Laura May volvió a aparecer en el vano de la puerta llevando una bandeja con una jarra y cuatro vasos. El hielo tintineaba dentro de la jarra.

—¿Qué estabas diciendo, papá? — preguntó.

—Que habrá un tornado.

—No hace bastante calor —anunció la muchacha, con autoridad casual.

Su padre gruñó para demostrar su desacuerdo pero no se lo discutió. Laura May avanzó hacia Earl con la bandeja, pero cuando él hizo ademán de llevarla, la muchacha le dijo:

—Ya la llevo yo. Vaya usted delante.

Earl no se negó. Así tendrían ocasión de intercambiar amabilidades camino de la habitación de los Gyer; a lo mejor, la muchacha pensaba lo mismo. O tal vez quisiera echarle un vistazo más de cerca al evangelista.

Anduvieron juntos hasta el final del pasillo sin decirse palabra y allí, se detuvieron. Ante ellos, entre un edificio y el siguiente, había una extensión de unos veinte metros de tierra sembrada de charcos.

—¿Quiere que lleve la jarra? — se ofreció Earl—. Usted lleve los vasos y la bandeja.

—De acuerdo —repuso ella. Con la misma mirada directa que le había echado antes, le preguntó—: ¿Cómo se llama?

—Earl Rayburn.

—Y yo Laura May Cade.

—Encantado de conocerla, Laura May.

—Ya sabe lo que pasó en este establecimiento, ¿no? Supongo que papá se lo habrá dicho.

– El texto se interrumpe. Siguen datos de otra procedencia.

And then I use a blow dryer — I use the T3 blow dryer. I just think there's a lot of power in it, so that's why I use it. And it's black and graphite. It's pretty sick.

—¿Se refiere a los tornados?

—No, me refiero al asesinato.

Sadie se detuvo al pie de la cama y observó a la mujer que yacía en ella. Tenía poco gusto para vestirse, pensó; su ropa era ordinaria, y no llevaba el cabello peinado de un modo atrayente. En su estado semicomatoso murmuró algo y entonces, bruscamente, despertó. Tenía los ojos muy abiertos. Se reflejaba en ellos una alarma y un dolor incipientes. Sadie la miró y suspiró.

—¿Qué pasa? — preguntó Buck.

Había depositado las maletas en el suelo y se había sentado en una silla, frente al cuarto ocupante de la habitación, un hombre corpulento de rasgos fuertes, cara delgada y una melena de un gris acerado que habría sido el orgullo de un profeta del Antiguo Testamento.

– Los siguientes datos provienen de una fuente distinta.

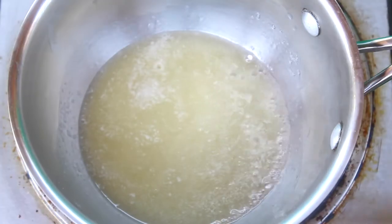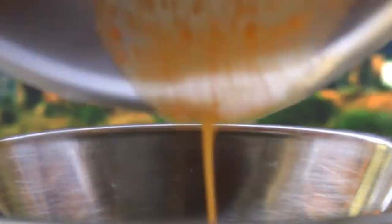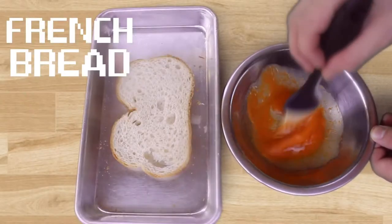In a small saucepan, melt some butter. Add your favorite hot sauce and turn off the heat. Then you can brush it over some sliced French bread.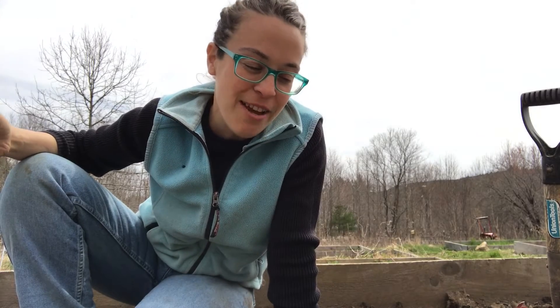Hey, it's Anna again. I am sitting out in the garden. This is one of the first garden beds that I'm planting this year and I've got a flat full of snapdragon seedlings ready to go in.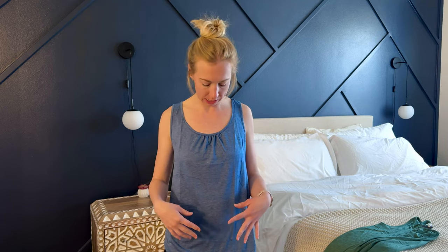I was gifted these tank tops so I could try them out and tell you a little bit more about what I think about them. They are really soft and comfortable, so I think the fabric's really nice.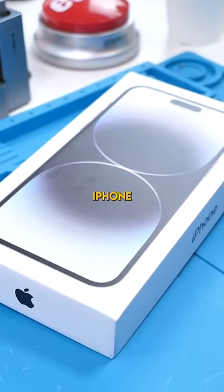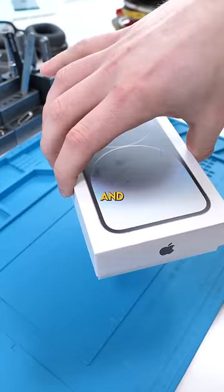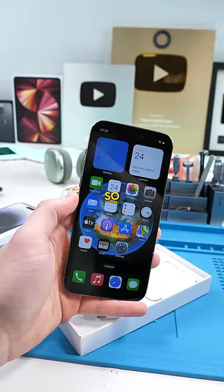This might look like a real iPhone 14 Pro Max box, but it's not. And this might look like a real iPhone 14 Pro Max, but it's not. So how can you know the difference?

—No pasa nada —repuso Sadie.

—No quiero compartir la habitación con estos dos —dijo él.

—Bueno, es la habitación en la que…,en la que estuvimos la otra vez.

—Vamos a la de al lado —sugirió Buck, señalando con un gesto la puerta abierta que daba a la habitación número ocho—, tendremos más intimidad.

—No pueden vernos.

—Pero yo los veo a ellos, y me da grima. No cambiará nada si ocupamos una habitación diferente, por el amor de Dios. — Y sin esperar que Sadie le indicara su acuerdo, Buck recogió las maletas y las llevó a la habitación de Earl—. ¿Vienes o no? — le preguntó.

La mujer asintió. Sería mejor hacerle caso; si empezaba a discutir ahora, no superarían el primer obstáculo. La conciliación debía ser la nota clave de ese encuentro, se recordó a sí misma, y obedientemente lo siguió a la habitación número ocho.

Tendida en la cama, Virginia pensó en levantarse e ir al lavabo, donde, sin ser vista, podría tomarse uno o dos tranquilizantes. Pero la presencia de John la atemorizaba; a veces tenía la impresión de que podía leerle el pensamiento, que sus culpas secretas eran para él como un libro abierto. Estaba segura de que si se levantaba y buscaba la medicación en el bolso, le preguntaría qué estaba haciendo. Y si eso ocurría, seguramente acabaría por contarle la verdad. No tenía fuerzas para soportar la vehemencia de sus ojos acusadores. No, lo mejor era quedarse acostada y esperar a que Earl regresara con el agua. Y cuando los dos se pusieran a hablar de la gira, se escaparía para tomarse las píldoras prohibidas.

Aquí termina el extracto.